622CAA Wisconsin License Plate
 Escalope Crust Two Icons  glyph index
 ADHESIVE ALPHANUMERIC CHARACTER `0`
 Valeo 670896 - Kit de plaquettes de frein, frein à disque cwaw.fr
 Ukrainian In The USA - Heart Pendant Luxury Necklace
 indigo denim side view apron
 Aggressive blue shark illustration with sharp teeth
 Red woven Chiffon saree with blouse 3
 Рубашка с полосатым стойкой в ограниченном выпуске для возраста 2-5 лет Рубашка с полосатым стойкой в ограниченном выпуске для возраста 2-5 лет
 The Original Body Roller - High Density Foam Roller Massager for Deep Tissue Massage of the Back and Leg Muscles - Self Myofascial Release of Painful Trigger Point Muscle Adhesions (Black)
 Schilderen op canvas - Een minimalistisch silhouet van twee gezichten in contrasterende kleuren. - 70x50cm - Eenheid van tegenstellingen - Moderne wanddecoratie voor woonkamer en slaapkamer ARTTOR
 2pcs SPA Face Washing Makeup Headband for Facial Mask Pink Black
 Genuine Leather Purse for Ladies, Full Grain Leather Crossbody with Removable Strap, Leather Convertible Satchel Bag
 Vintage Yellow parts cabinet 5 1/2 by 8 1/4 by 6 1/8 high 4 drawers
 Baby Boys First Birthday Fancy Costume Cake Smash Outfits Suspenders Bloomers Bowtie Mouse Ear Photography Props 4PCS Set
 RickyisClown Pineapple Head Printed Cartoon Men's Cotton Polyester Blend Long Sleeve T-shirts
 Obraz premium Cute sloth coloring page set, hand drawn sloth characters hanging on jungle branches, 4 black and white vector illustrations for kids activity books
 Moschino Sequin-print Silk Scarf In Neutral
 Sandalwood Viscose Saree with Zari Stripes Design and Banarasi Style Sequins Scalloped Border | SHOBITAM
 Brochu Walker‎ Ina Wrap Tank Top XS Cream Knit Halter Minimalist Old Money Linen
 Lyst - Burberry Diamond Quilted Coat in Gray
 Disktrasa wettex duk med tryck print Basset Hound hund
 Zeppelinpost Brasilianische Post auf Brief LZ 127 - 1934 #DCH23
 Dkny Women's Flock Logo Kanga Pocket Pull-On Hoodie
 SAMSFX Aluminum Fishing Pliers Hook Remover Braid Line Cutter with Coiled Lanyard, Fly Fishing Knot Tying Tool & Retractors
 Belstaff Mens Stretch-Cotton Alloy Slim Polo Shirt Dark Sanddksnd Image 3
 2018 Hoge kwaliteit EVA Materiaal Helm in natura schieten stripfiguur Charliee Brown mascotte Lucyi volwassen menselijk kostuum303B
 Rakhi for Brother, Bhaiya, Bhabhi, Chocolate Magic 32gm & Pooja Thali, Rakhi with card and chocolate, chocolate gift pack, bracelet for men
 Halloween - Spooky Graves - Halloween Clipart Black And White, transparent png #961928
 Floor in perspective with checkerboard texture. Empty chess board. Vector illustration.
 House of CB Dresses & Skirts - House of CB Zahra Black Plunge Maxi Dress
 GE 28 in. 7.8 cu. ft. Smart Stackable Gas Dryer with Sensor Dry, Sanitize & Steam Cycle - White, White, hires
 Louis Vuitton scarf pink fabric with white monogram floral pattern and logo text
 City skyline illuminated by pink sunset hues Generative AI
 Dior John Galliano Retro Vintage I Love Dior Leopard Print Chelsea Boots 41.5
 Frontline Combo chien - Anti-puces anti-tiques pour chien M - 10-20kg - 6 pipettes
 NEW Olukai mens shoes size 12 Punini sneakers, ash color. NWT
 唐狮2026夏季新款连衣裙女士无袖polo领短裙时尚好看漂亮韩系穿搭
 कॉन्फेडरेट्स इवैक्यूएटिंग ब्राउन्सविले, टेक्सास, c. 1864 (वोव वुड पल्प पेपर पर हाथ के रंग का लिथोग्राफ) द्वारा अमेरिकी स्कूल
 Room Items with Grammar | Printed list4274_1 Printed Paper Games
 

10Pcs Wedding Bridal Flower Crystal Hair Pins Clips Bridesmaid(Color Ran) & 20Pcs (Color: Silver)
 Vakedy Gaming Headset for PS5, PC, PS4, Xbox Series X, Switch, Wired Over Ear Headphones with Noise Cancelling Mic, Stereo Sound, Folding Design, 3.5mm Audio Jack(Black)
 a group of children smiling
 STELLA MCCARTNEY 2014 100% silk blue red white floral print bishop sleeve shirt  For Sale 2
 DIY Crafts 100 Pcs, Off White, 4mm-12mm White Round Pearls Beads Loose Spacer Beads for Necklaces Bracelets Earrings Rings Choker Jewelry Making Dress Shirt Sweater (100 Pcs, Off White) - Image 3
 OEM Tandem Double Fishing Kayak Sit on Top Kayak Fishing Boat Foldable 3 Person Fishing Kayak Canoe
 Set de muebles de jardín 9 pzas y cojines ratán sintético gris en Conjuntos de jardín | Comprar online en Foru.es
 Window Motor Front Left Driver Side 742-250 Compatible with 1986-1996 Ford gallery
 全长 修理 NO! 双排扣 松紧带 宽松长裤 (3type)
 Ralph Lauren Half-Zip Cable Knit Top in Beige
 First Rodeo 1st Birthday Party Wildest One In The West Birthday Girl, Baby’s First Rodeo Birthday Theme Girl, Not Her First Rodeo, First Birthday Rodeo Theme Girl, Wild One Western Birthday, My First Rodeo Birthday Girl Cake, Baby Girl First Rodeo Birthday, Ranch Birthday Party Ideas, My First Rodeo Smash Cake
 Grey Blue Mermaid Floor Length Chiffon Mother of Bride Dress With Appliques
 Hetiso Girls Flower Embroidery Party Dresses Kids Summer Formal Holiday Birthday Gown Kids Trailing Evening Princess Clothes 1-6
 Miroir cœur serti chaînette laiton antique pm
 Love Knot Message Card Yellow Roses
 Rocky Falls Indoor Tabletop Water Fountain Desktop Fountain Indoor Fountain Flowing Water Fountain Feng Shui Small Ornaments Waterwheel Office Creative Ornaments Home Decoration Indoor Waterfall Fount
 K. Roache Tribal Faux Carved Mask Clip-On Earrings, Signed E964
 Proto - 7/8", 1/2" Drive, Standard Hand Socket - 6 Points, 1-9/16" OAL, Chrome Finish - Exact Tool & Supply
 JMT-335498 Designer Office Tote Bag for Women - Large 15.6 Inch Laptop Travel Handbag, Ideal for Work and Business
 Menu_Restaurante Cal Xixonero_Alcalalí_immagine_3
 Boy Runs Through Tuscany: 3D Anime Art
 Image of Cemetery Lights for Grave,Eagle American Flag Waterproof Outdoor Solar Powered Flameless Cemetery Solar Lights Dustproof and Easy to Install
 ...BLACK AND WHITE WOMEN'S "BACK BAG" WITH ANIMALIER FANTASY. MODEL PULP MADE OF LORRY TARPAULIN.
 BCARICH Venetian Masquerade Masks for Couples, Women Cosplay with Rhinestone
━━━━━━━━━━
Activity
Using the entries above, output exactly the lines between the line holding "Vakedy Gaming Headset" and the line holding "Ralph Lauren Half-Zip", end lines included, and nothing more.

Reply
 Vakedy Gaming Headset for PS5, PC, PS4, Xbox Series X, Switch, Wired Over Ear Headphones with Noise Cancelling Mic, Stereo Sound, Folding Design, 3.5mm Audio Jack(Black)
 a group of children smiling
 STELLA MCCARTNEY 2014 100% silk blue red white floral print bishop sleeve shirt  For Sale 2
 DIY Crafts 100 Pcs, Off White, 4mm-12mm White Round Pearls Beads Loose Spacer Beads for Necklaces Bracelets Earrings Rings Choker Jewelry Making Dress Shirt Sweater (100 Pcs, Off White) - Image 3
 OEM Tandem Double Fishing Kayak Sit on Top Kayak Fishing Boat Foldable 3 Person Fishing Kayak Canoe
 Set de muebles de jardín 9 pzas y cojines ratán sintético gris en Conjuntos de jardín | Comprar online en Foru.es
 Window Motor Front Left Driver Side 742-250 Compatible with 1986-1996 Ford gallery
 全长 修理 NO! 双排扣 松紧带 宽松长裤 (3type)
 Ralph Lauren Half-Zip Cable Knit Top in Beige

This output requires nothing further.